Problem statement » Look below for the line that contains "Cool. We can" and the line that contains "Before we proceed", then restate both of them and every line in between, exactly. No picture goes in the copy.

Information supplied »
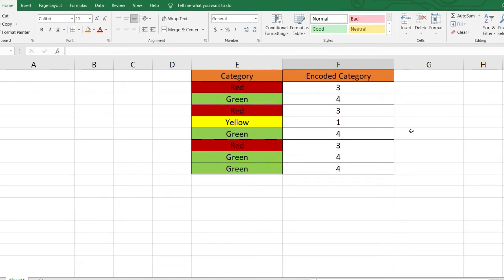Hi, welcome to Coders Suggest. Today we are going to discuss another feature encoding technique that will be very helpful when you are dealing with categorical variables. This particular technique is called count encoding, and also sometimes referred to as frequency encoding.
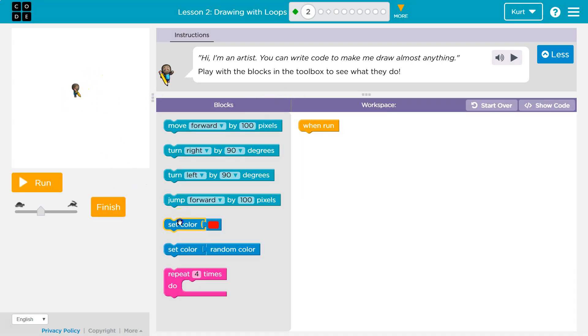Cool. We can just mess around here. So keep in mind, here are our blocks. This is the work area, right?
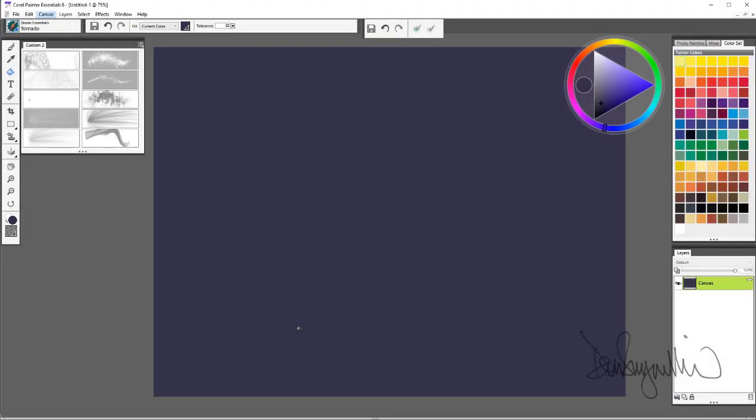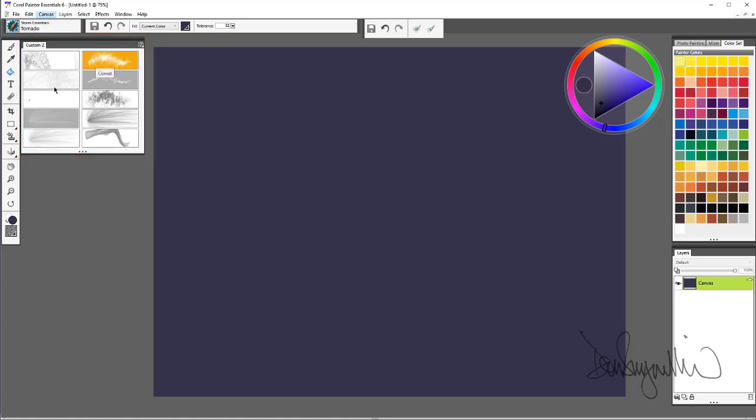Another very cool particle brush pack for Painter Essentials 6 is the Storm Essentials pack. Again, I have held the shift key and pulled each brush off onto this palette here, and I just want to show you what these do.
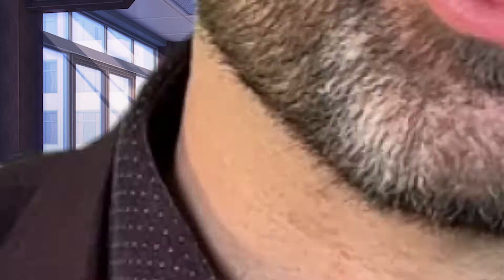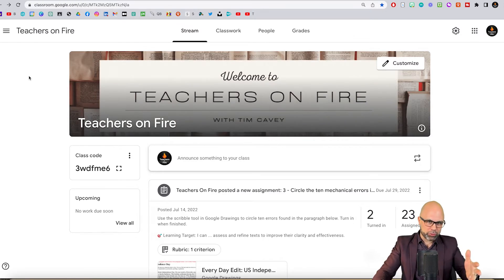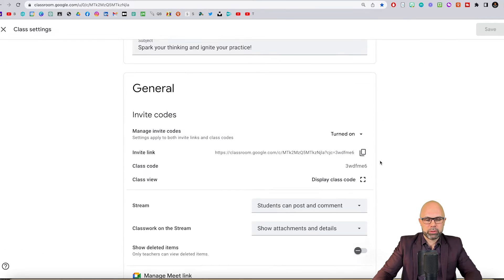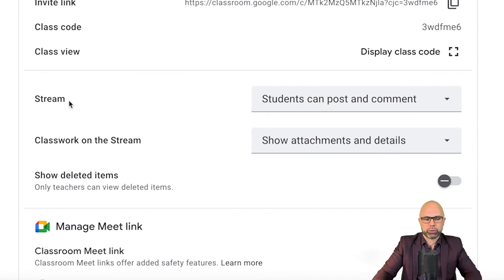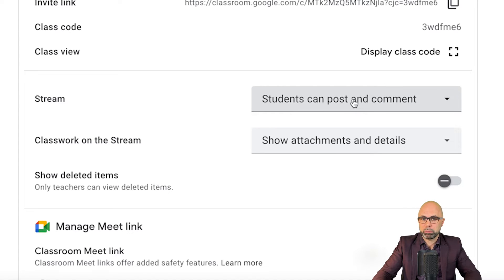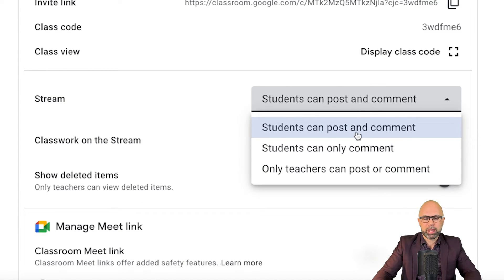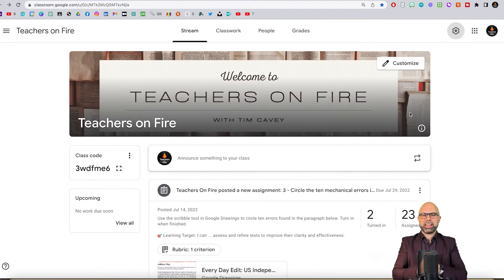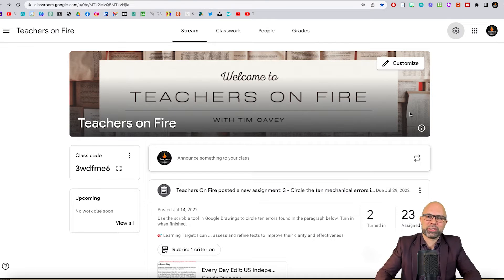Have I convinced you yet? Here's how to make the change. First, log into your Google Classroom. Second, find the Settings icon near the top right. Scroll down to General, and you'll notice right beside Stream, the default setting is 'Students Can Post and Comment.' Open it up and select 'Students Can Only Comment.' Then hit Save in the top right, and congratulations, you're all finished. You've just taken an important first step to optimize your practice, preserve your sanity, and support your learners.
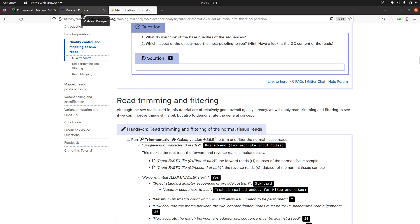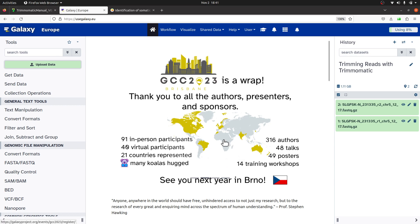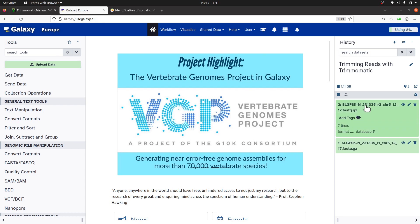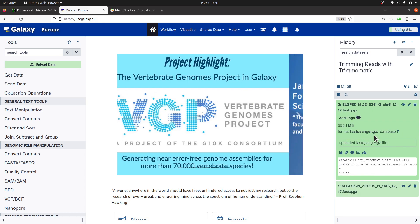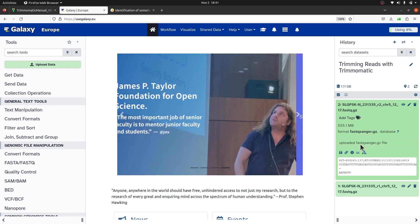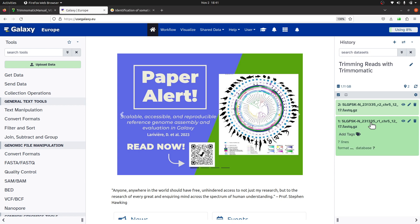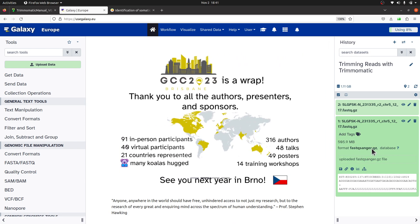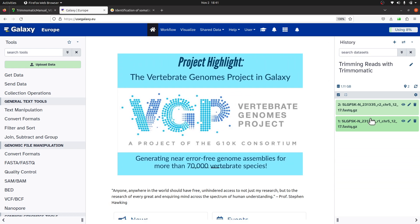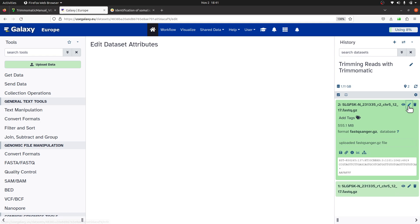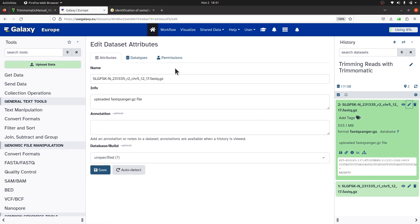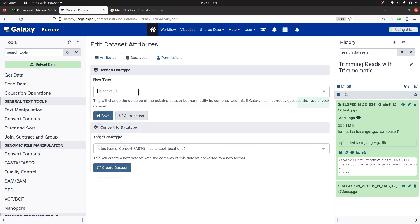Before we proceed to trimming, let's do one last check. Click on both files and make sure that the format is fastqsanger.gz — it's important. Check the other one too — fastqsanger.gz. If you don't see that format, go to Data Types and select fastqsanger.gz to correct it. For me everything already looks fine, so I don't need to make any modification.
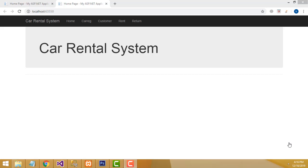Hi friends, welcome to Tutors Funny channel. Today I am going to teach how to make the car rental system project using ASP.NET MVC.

Reply »
Cool. We can just mess around here. So keep in mind, here are our blocks. This is the work area, right?
Another very cool particle brush pack for Painter Essentials 6 is the Storm Essentials pack. Again, I have held the shift key and pulled each brush off onto this palette here, and I just want to show you what these do.
Have I convinced you yet? Here's how to make the change. First, log into your Google Classroom. Second, find the Settings icon near the top right. Scroll down to General, and you'll notice right beside Stream, the default setting is 'Students Can Post and Comment.' Open it up and select 'Students Can Only Comment.' Then hit Save in the top right, and congratulations, you're all finished. You've just taken an important first step to optimize your practice, preserve your sanity, and support your learners.
Before we proceed to trimming, let's do one last check. Click on both files and make sure that the format is fastqsanger.gz — it's important. Check the other one too — fastqsanger.gz. If you don't see that format, go to Data Types and select fastqsanger.gz to correct it. For me everything already looks fine, so I don't need to make any modification.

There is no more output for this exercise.